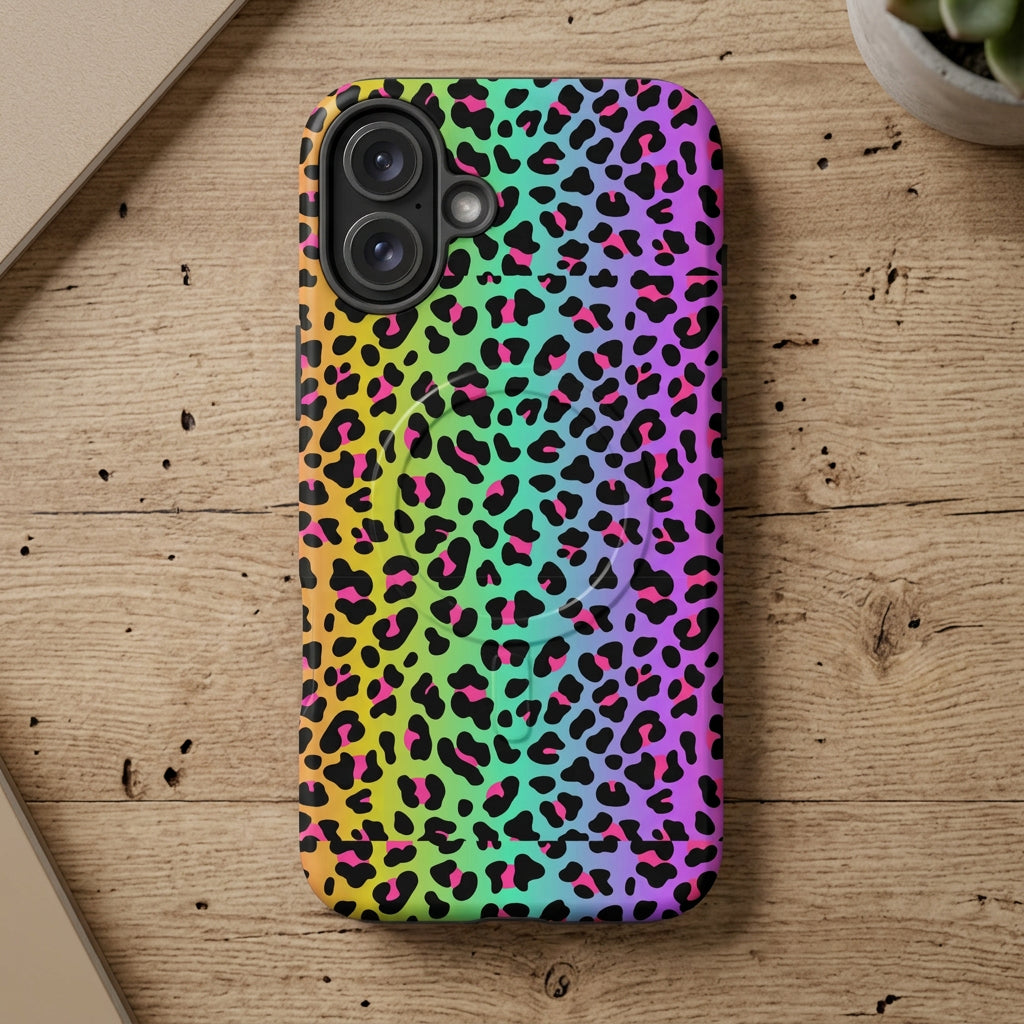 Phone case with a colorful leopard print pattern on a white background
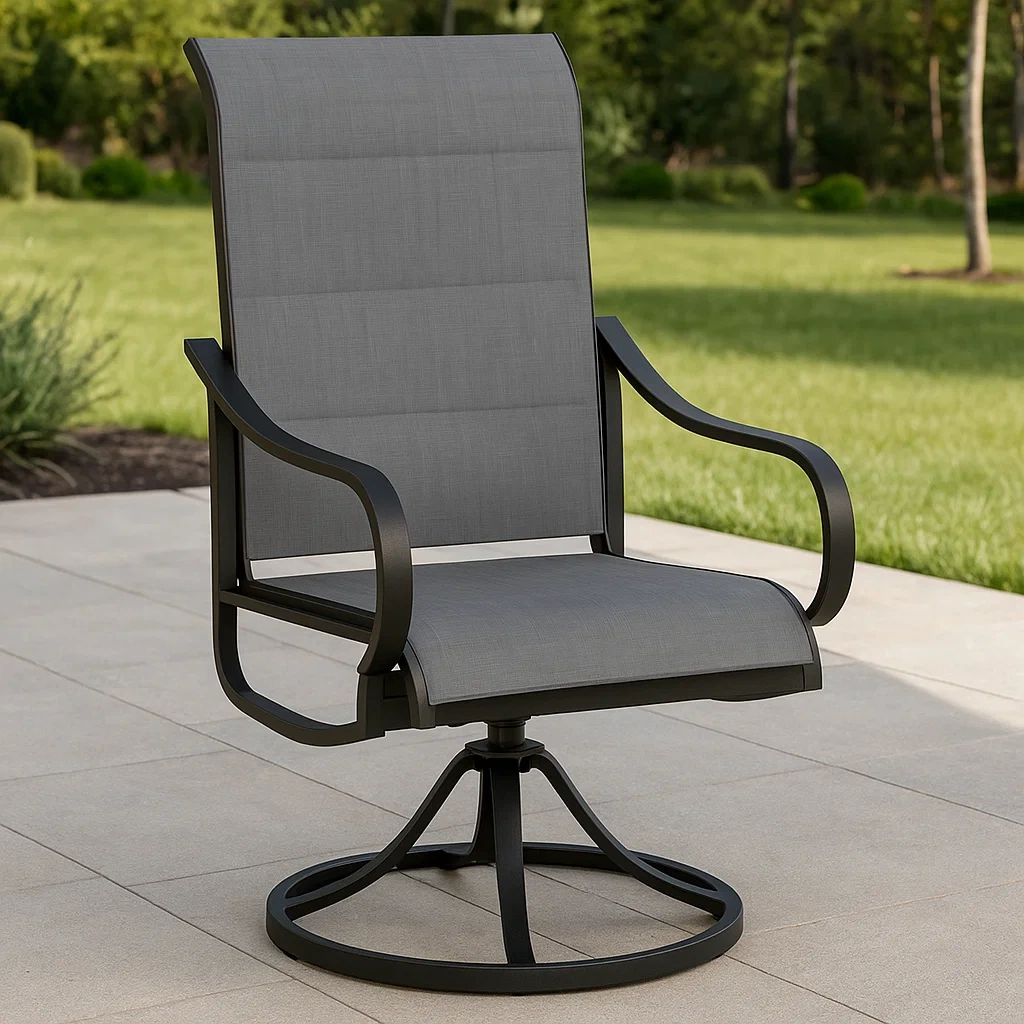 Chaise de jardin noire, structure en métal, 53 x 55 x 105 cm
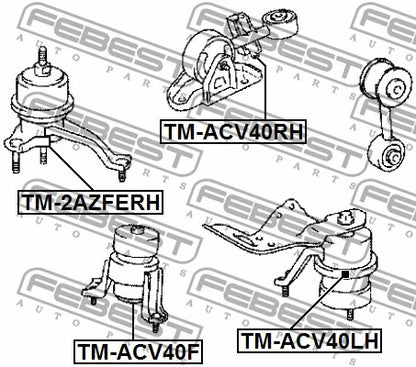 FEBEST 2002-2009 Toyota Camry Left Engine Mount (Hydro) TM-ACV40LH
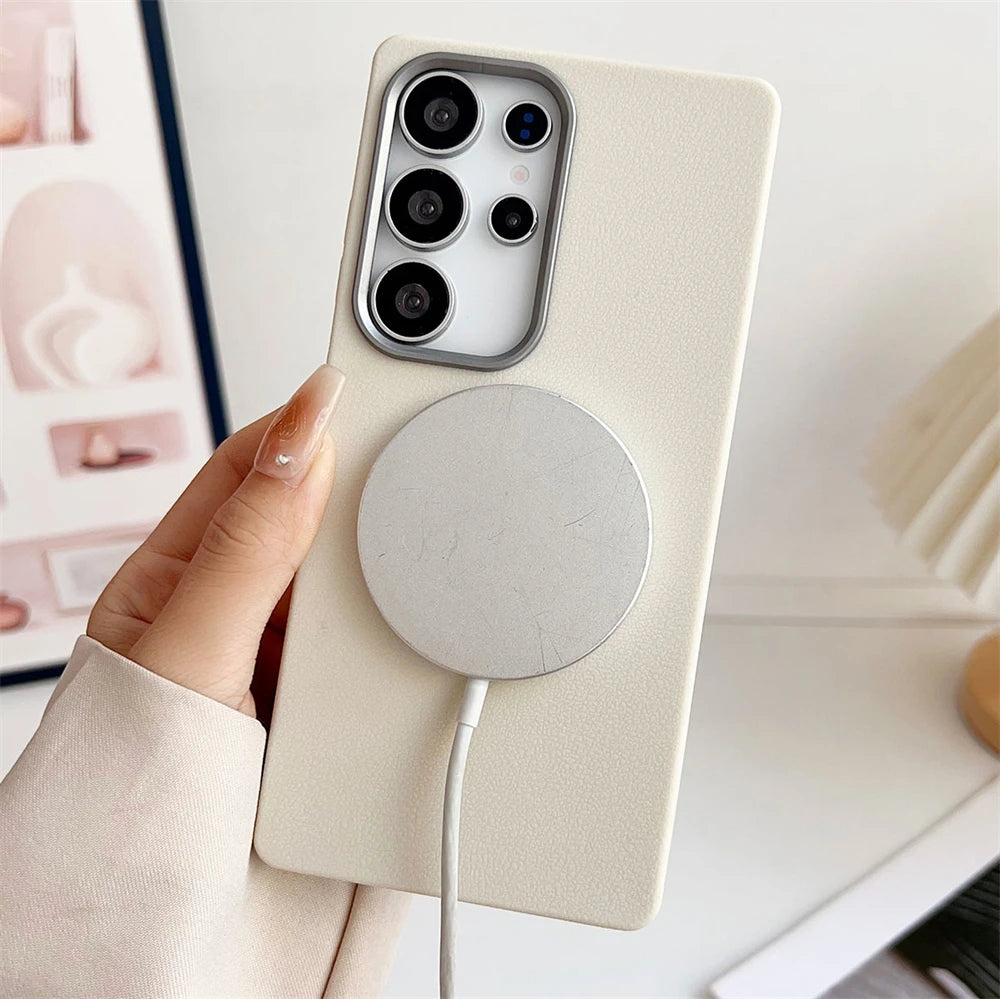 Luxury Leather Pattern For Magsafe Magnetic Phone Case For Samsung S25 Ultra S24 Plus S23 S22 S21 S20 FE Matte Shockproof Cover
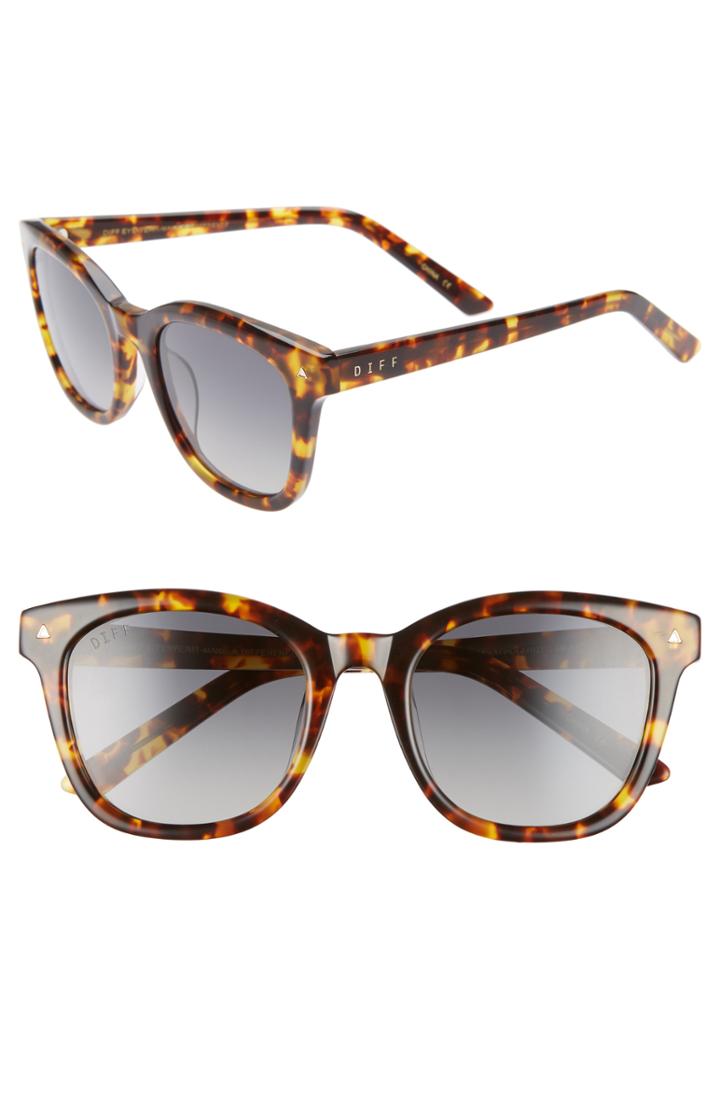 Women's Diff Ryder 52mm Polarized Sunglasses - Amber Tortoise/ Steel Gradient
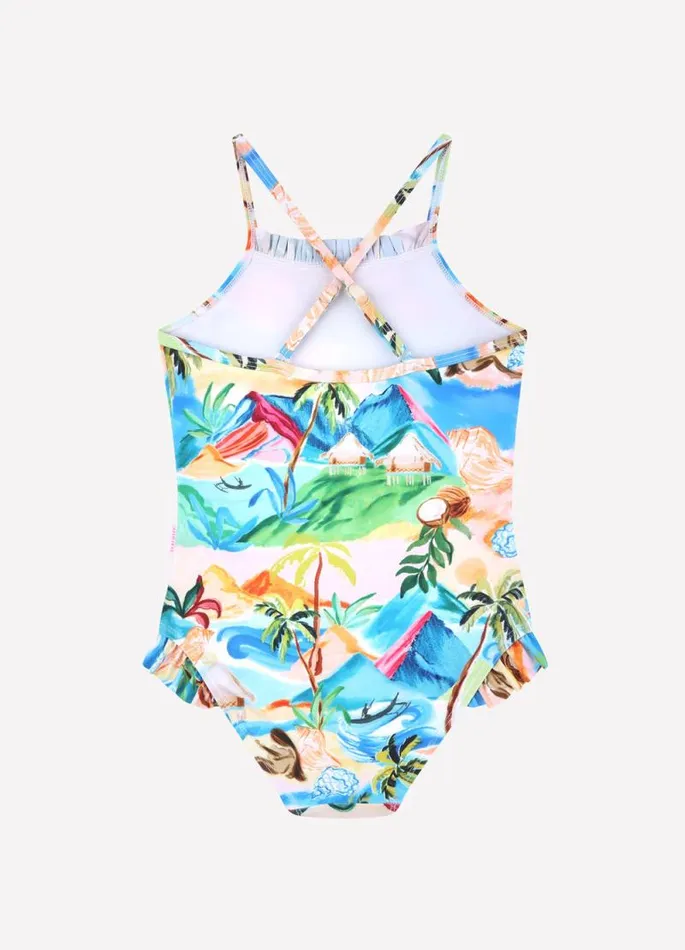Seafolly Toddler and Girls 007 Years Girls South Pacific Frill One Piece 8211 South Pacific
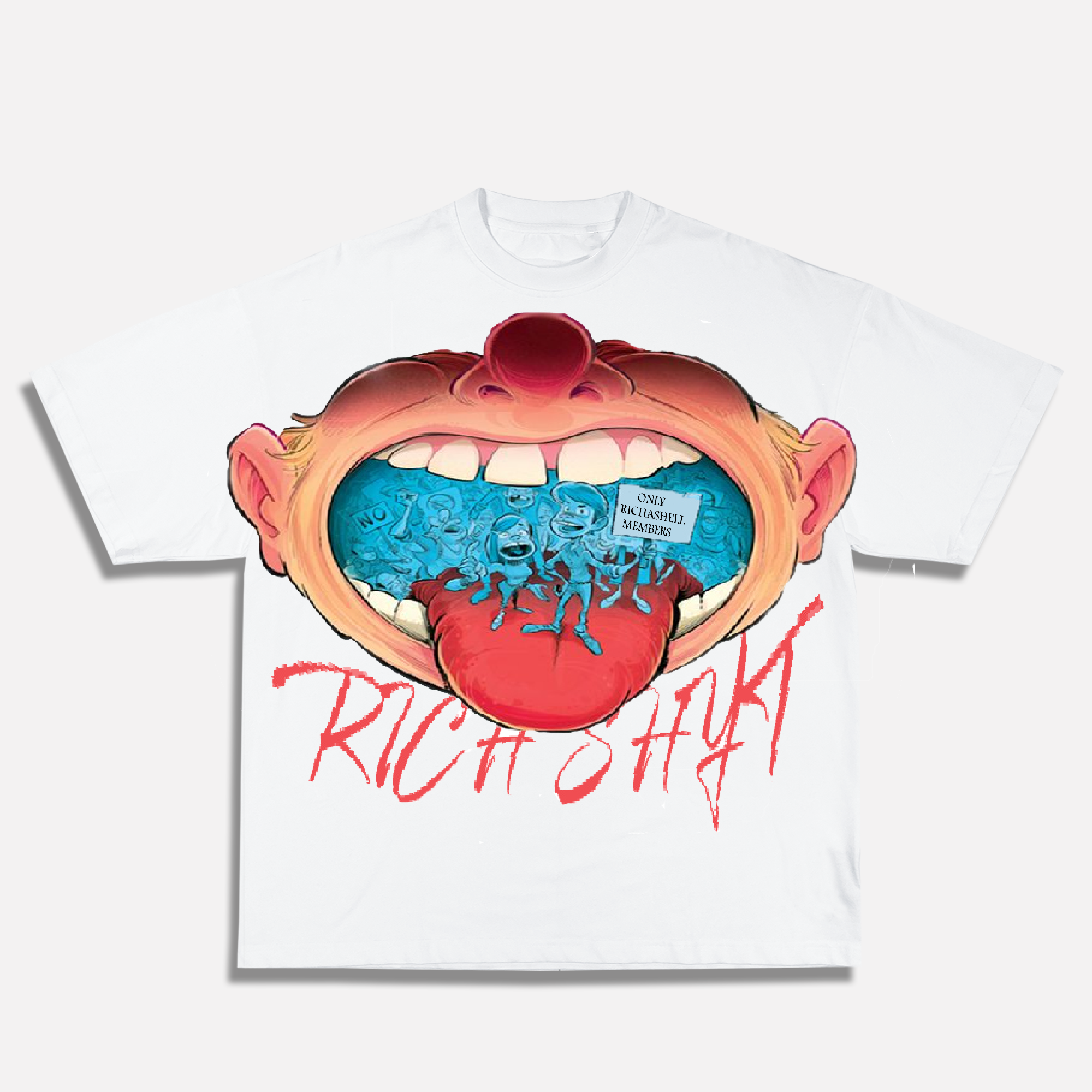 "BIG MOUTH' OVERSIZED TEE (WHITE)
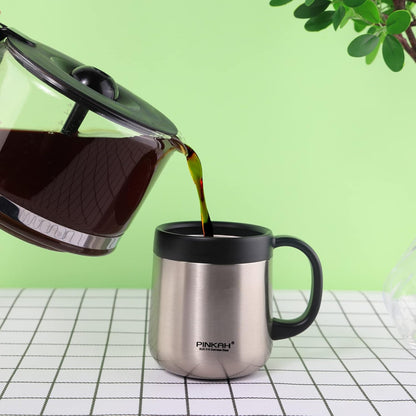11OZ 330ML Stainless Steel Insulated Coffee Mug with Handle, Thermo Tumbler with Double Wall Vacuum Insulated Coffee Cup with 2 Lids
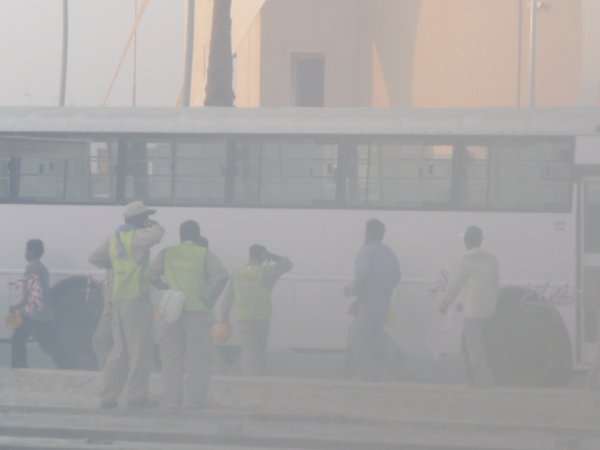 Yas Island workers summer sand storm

····················

TASK DESCRIPTION.
Nothing but the lines from the line with "FEBEST 2002-2009 Toyota" through the last line of the data above should be printed, exactly as written and without pictures.

THE COMPLETED TASK.
 FEBEST 2002-2009 Toyota Camry Left Engine Mount (Hydro) TM-ACV40LH
 Luxury Leather Pattern For Magsafe Magnetic Phone Case For Samsung S25 Ultra S24 Plus S23 S22 S21 S20 FE Matte Shockproof Cover
 Women's Diff Ryder 52mm Polarized Sunglasses - Amber Tortoise/ Steel Gradient
Seafolly Toddler and Girls 007 Years Girls South Pacific Frill One Piece 8211 South Pacific
 "BIG MOUTH' OVERSIZED TEE (WHITE)
11OZ 330ML Stainless Steel Insulated Coffee Mug with Handle, Thermo Tumbler with Double Wall Vacuum Insulated Coffee Cup with 2 Lids
 Yas Island workers summer sand storm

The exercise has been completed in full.